RFT uses PostgreSQL to check-point transfer state in the form of restart markers and recover from transient transfer failures, using retry mechanism with exponential backoff, during a transfer. RFT has been tested to recover from source and/or destination server crashes during a transfer, network failures, container failures (when the machine running the container goes down), file system failures, etc. RFT Resource is implemented as a PersistentResource, so ReliableFileTransferHome gets initialized every time a container gets restarted. Please find a more detailed description of fault-tolerance and recovery in RFT below:

  • Source and/or destination GridFTP failures: In this case RFT retries the transfer for a configurable number of maximum attempts with exponential backoff for each retry (the backoff time period is configurable also). If a failure happens in the midst of a transfer, RFT uses the last restart marker that is stored in the database for that transfer and uses it to resume the transfer from the point where it failed, instead of restarting the whole file. This failure is treated as a container-wide backoff for the server in question. What this means is that all other transfers going to/from that server, across all the requests in a container, will be backed off and retried. This is done in order to prevent further failures of the transfers by using knowledge available in the database.
  • Network failures: Sometimes this happens due to heavy load on a network or for any other reason packets are lost or connections get timed out.
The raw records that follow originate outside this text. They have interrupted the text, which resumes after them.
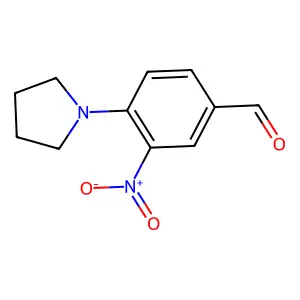 3-Nitro-4-(pyrrolidin-1-yl)benzaldehyde structure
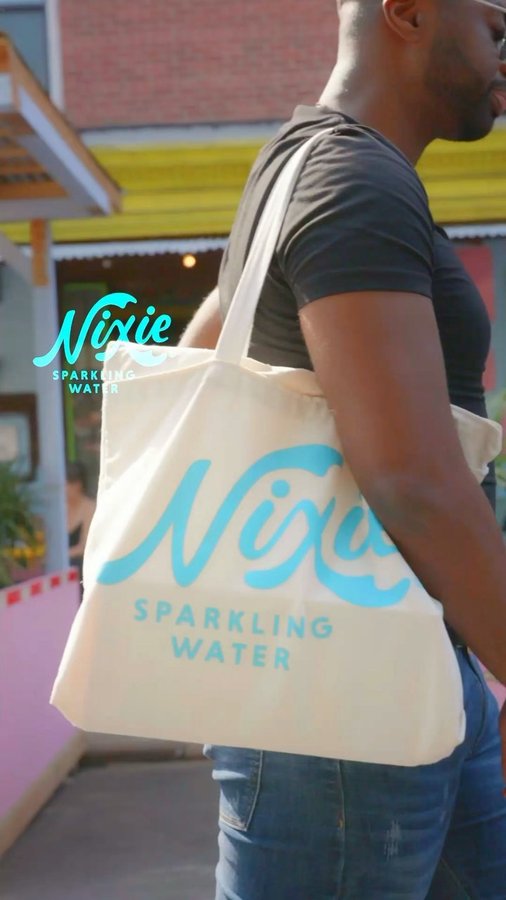 Instagram post by @officialaustinr for Drink Nixie. Caption reads: @drinknixie is coming out with their latest flavor....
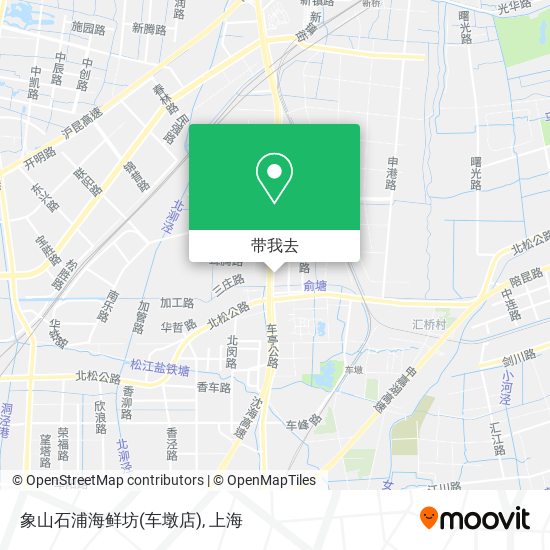 象山石浦海鲜坊(车墩店)地图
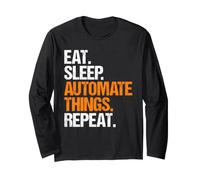 Mechatronics Engineer Eat Sleep Routine Long Sleeve T-Shirt
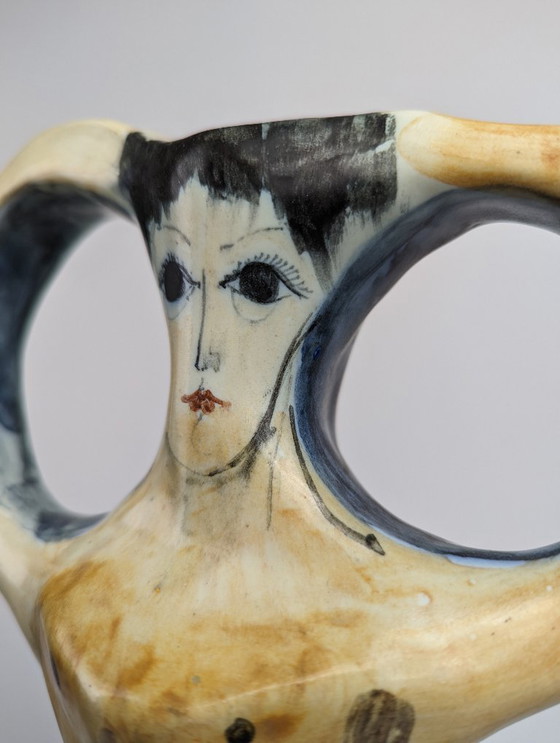 Image 1 of Scultura in ceramica biomorfa a forma femminile, vaso in stile moderno, Europa, XX secolo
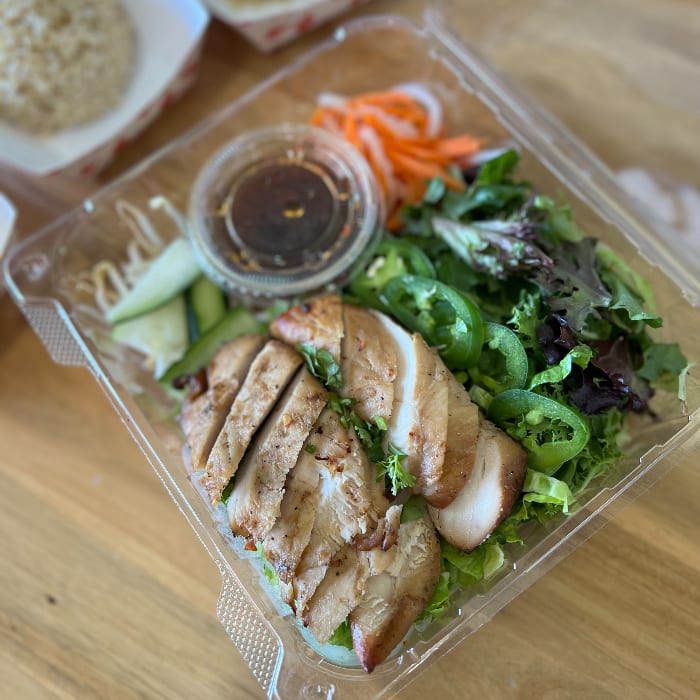 Grilled Lemongrass Chicken Tenderloin Bánh Mì Bowl (Gluten Free).
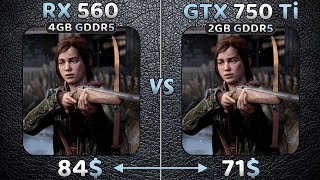 GTX 750 Ti vs RX 560 Test in 2023🔥 [upl. by Oleta]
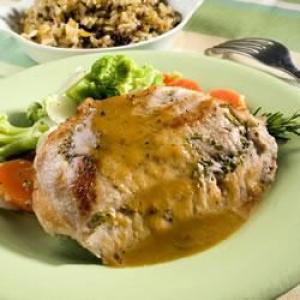 Pork Chops with Mustard Sauce_image
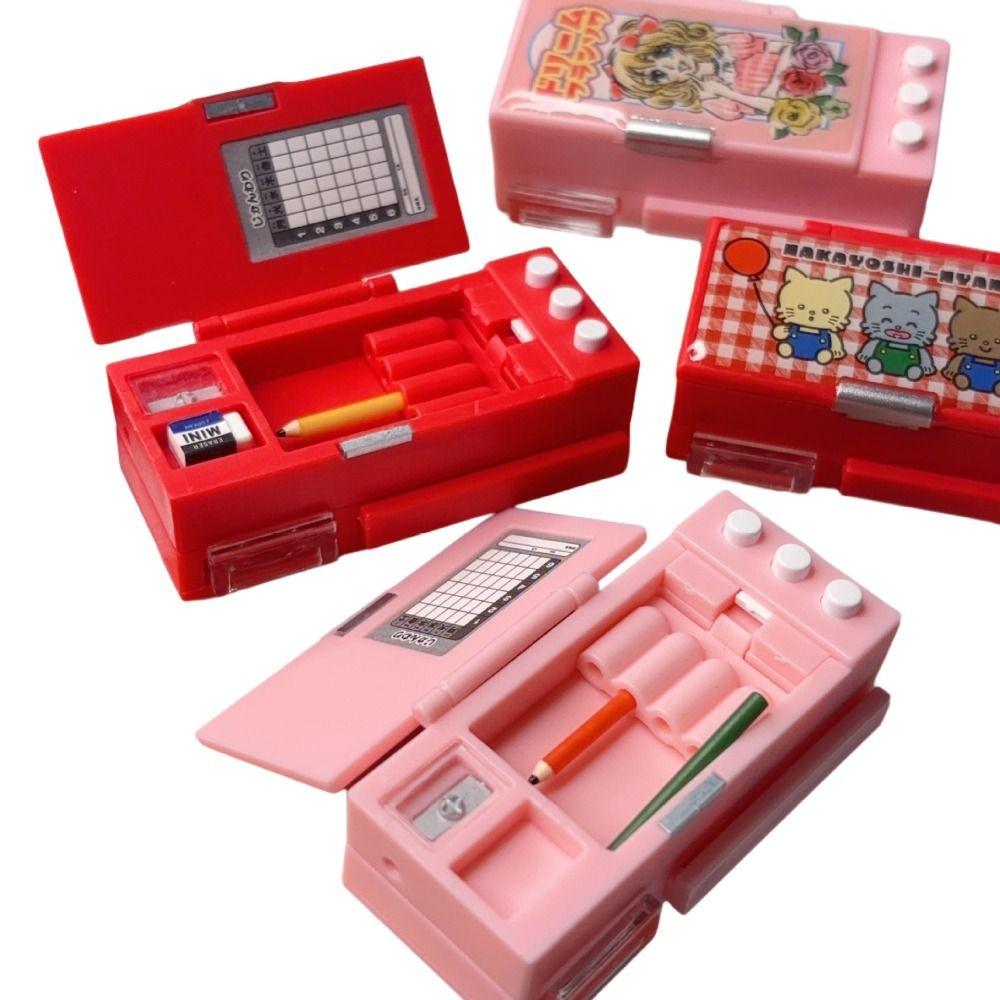 Pretend Toys Pencil Box Model Miniature Mini Stationery Box Dollhouse Pencil Case  BJD OB11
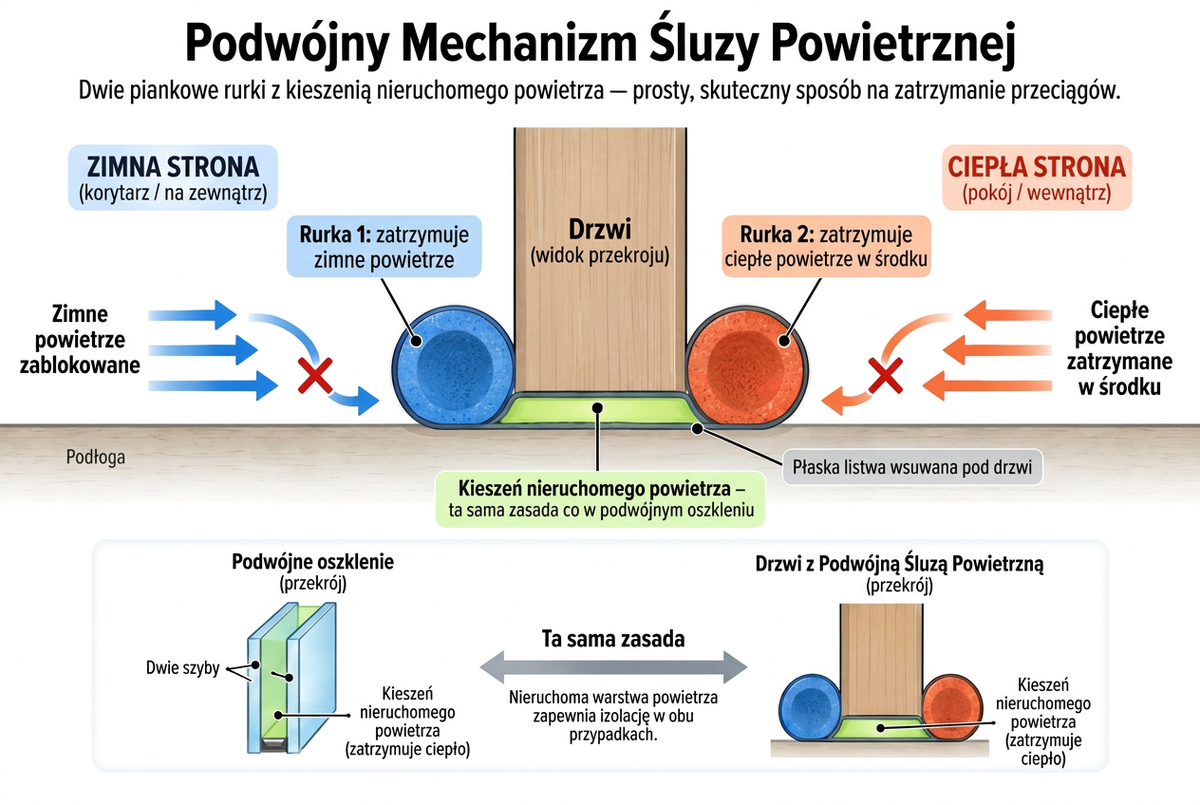 Przekrój mechanizmu Twin Air-Lock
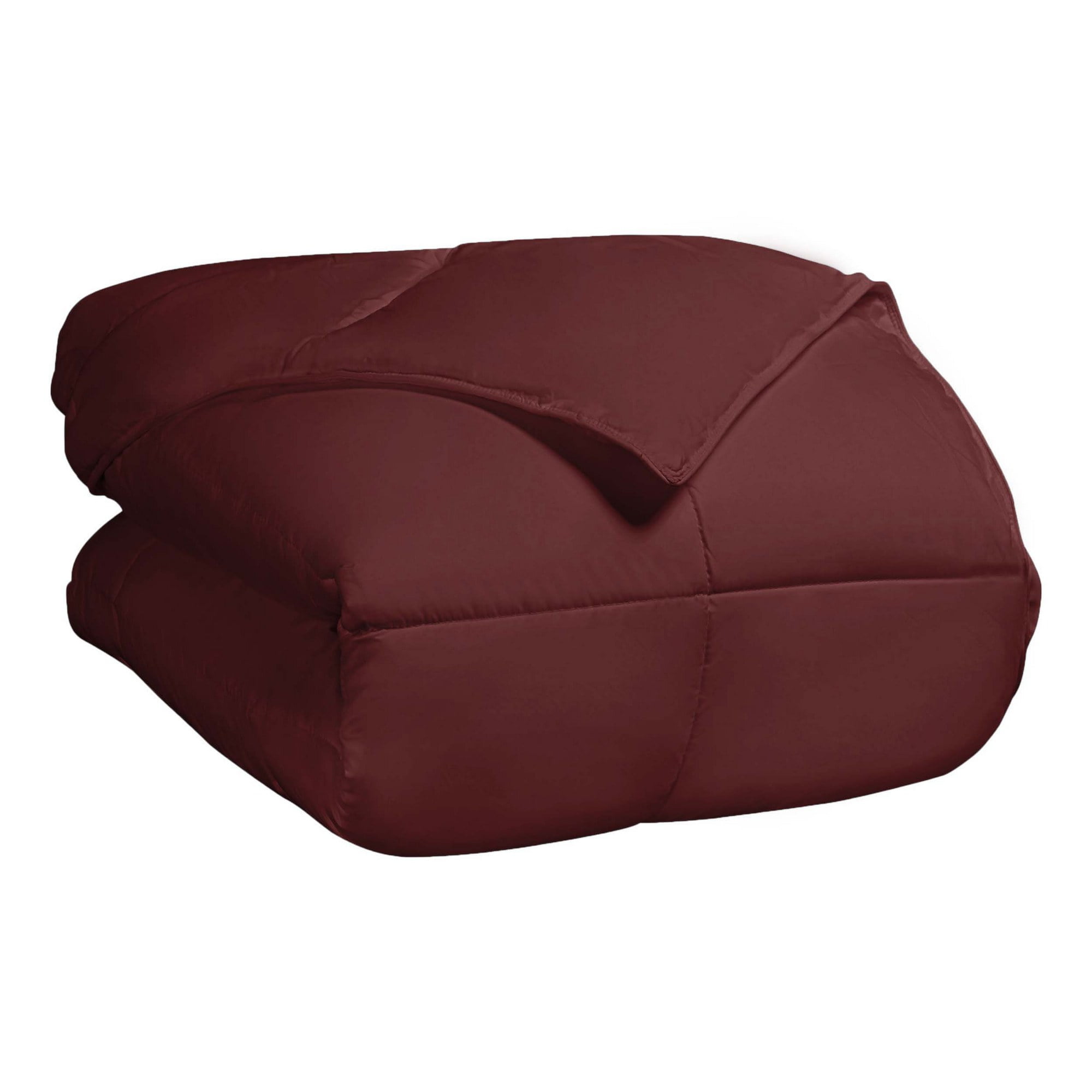 Superior Classic Reversible Comforter, Twin XL, Burgundy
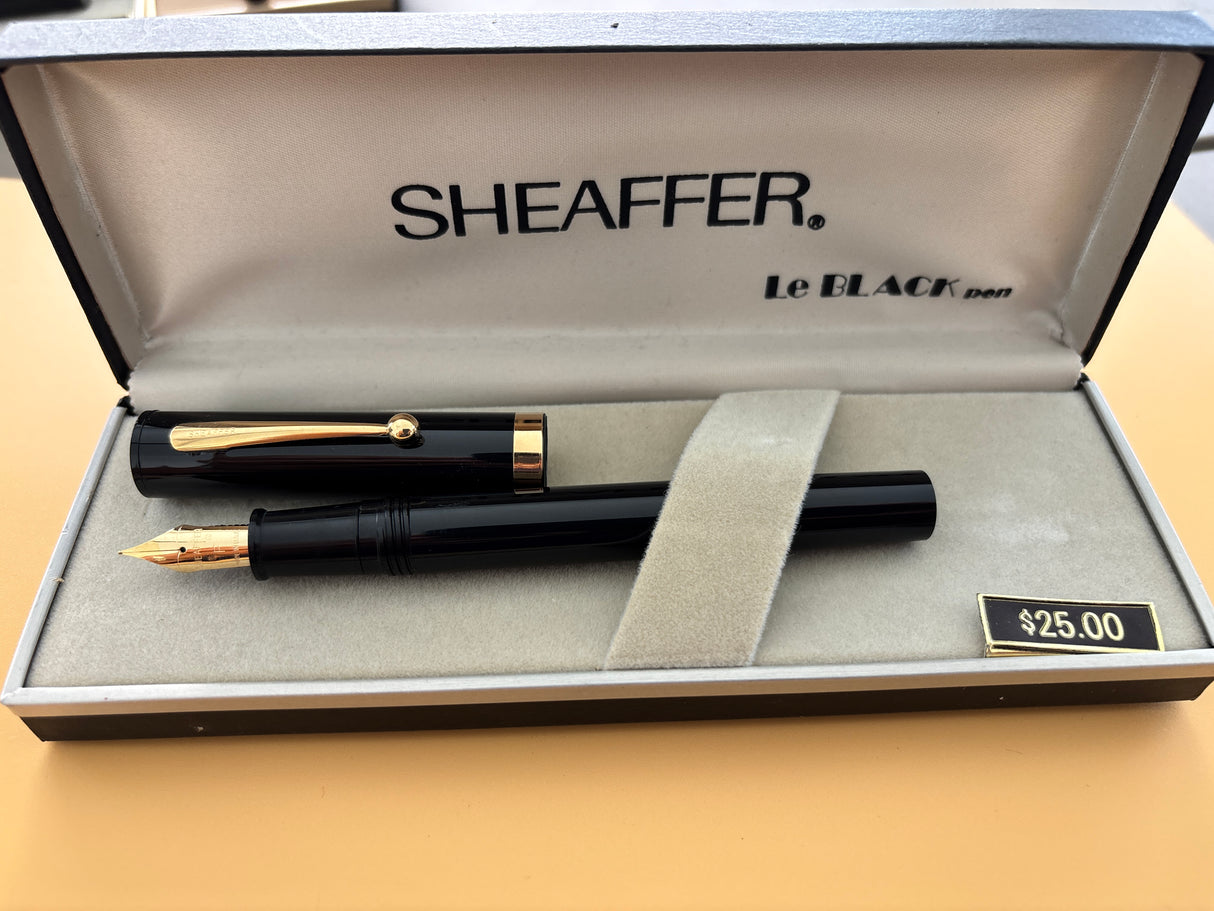 Sheaffer " Le Black Pen " circa 1990 New condition and boxed - Fountain Pen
This failure is considered a transient failure and RFT retries the transfer with exponential backoff for that particular transfer (and not the whole container, as with the source and/or destination GridFTP failures).
  • Container failures: These type of failures occur when the machine running the container goes down or if the container is restarted with active transfers. When the container is restarted, it restarts ReliableTransferHome, which looks at the database for any active RFT resources and restarts them.

4.2.1. Failure modes that are not addressed:

  • Running out of disk space for the database.

5. Usage statistics collection by the Globus Alliance

The following usage statistics are sent by default in a UDP packet at the end of life time of each RFT Resource (or when a RFT resource is destroyed).

  • Total number of files transferred by RFT since RFT was installed
  • Total number of bytes transferred by RFT since RFT was installed
  • Total number of files transferred in this RFT Resource
  • Total number of bytes transferred in this RFT Resource
  • Creation time of this RFT Resource
  • Factory Start Time

We have made a concerted effort to collect only data that is not too intrusive or private, and yet still provides us with information that will help improve the GRAM component. Nevertheless, if you wish to disable this feature, please see the Java WS Core System Administrator's Guide section on Usage Statistics Configuration for instructions.

Also, please see our policy statement on the collection of usage statistics.